It seems that late model cars do not have the 20A limit. A few people who got their cars this year have reported that they can charge at greater than 20A with 120V. It is either a hardware change in the car charger, or a firmware update that doesn't get updated via OTA updates. I'm guessing the latter, but I haven't been back to a service center recently to ask them if they can update my car charger firmware...
Toyota Rav4 EV will never get this update. When I get my hands on a Mercedes B-Class ED, that will be one of the things I check.

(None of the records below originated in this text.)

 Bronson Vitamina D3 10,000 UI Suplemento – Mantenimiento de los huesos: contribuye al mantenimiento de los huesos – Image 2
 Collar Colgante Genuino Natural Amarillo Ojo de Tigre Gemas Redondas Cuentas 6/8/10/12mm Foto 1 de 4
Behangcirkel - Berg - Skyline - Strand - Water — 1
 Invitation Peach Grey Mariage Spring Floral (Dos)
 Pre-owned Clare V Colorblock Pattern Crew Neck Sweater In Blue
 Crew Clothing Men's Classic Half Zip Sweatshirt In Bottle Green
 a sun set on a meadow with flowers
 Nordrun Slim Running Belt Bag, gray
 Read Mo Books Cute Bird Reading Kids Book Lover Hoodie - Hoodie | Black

I did cut open the Tesla NEMA 14-50 plug with the failed connection within "Line 2" (the red wire):
Help!
I'm not very technical. I've been reading these posts about J1772, but I'm not really sure what I need. I have a 2011 Tesla Roadster and I just bought the "CAN" from Henry Sharp. I have solar at my house and they installed an outdoor plug for me that's basically a clothes dryer type of outlet. I had a 2008 Roadster and the standard Roadster cable from Tesla plugged right in. It was the big $1500 cable. I wish I kept it when I sold the car!
Ideally I'd like the Model S-type cable to run from my house, through the CAN, and into the car. I understand Tony might be selling a cable that does this? Is it the JESLA cable? I should be able to figure this out on my own, but I want to be sure before I start spending money willy-nilly.
Thanks!
-Dr. Chako
PS. I tried to DM Tony, but his mailbox is full.

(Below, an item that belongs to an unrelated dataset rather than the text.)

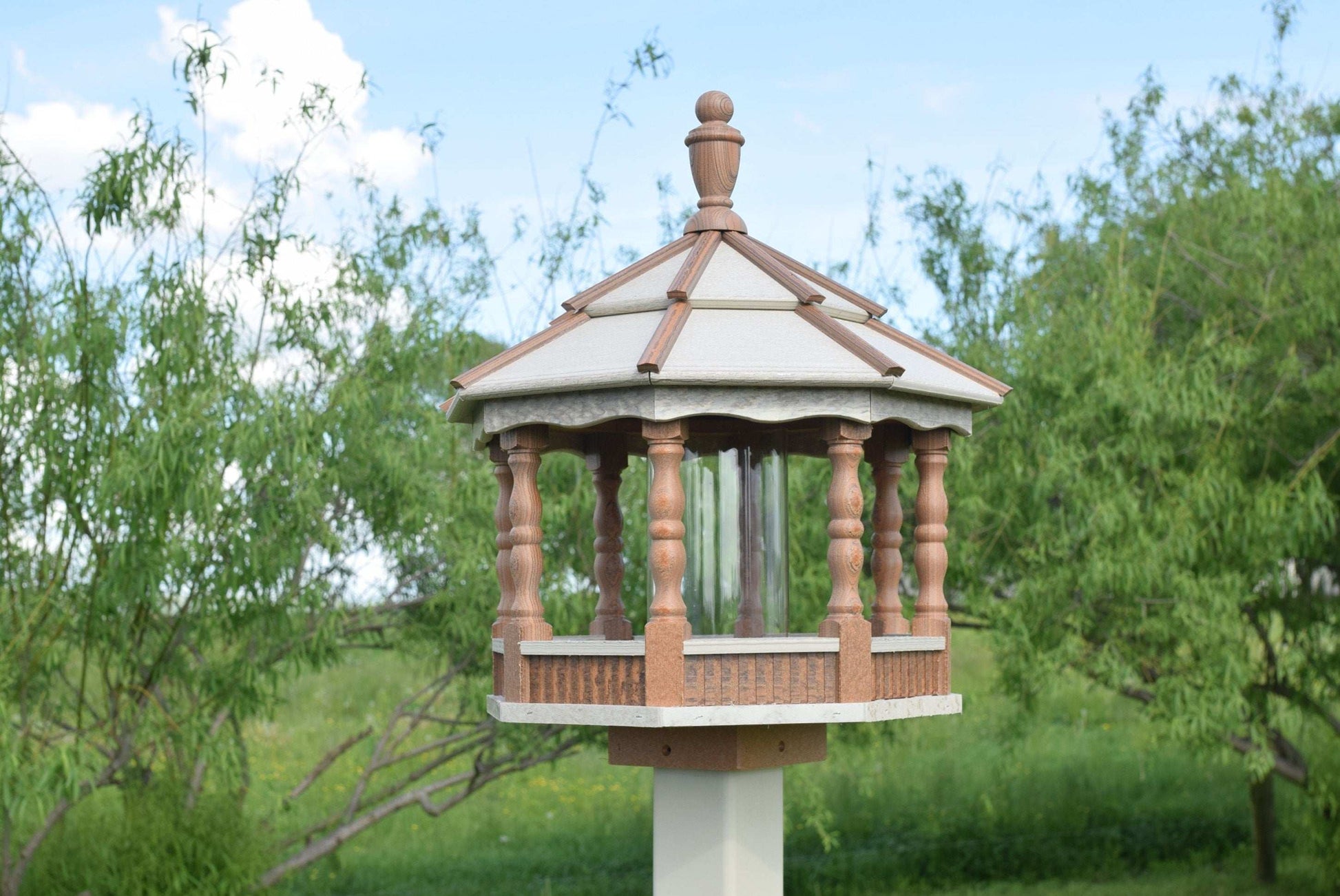 large poly spindle bird feeder mahogany and birch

I'm not very technical. I've been reading these posts about J1772, but I'm not really sure what I need. I have a 2011 Tesla Roadster and I just bought the "CAN" from Henry Sharp. I have solar at my house and they installed an outdoor plug for me that's basically a clothes dryer type of outlet. I had a 2008 Roadster and the standard Roadster cable from Tesla plugged right in. It was the big $1500 cable. I wish I kept it when I sold the car!
Ideally I'd like the Model S-type cable to run from my house, through the CAN, and into the car. I understand Tony might be selling a cable that does this? Is it the JESLA cable? I should be able to figure this out on my own, but I want to be sure before I start spending money willy-nilly.
Thanks!
-Dr. Chako
PS. I tried to DM Tony, but his mailbox is full.
Dr. Chako,
If you are using a CAN to plug in your Roadster, the JESLA (which TonyWilliams sells on Quick Charge Power) is one of the many things you can charge your Roadster with. It is a Model S MC (plug) that has been modified to use J1772 (the charger standard that the CAN adapts the Roadster to)).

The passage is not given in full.